===== SUPPLIED MATERIAL

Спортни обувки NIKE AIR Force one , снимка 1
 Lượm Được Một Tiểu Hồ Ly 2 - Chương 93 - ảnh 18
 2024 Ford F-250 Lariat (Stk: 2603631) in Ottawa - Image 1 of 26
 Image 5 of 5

==========

▶ _DIRECTIONS FOR THIS TASK_: Output the lines above verbatim and in full.

▶ _RESPONSE_:
Спортни обувки NIKE AIR Force one , снимка 1
 Lượm Được Một Tiểu Hồ Ly 2 - Chương 93 - ảnh 18
 2024 Ford F-250 Lariat (Stk: 2603631) in Ottawa - Image 1 of 26
 Image 5 of 5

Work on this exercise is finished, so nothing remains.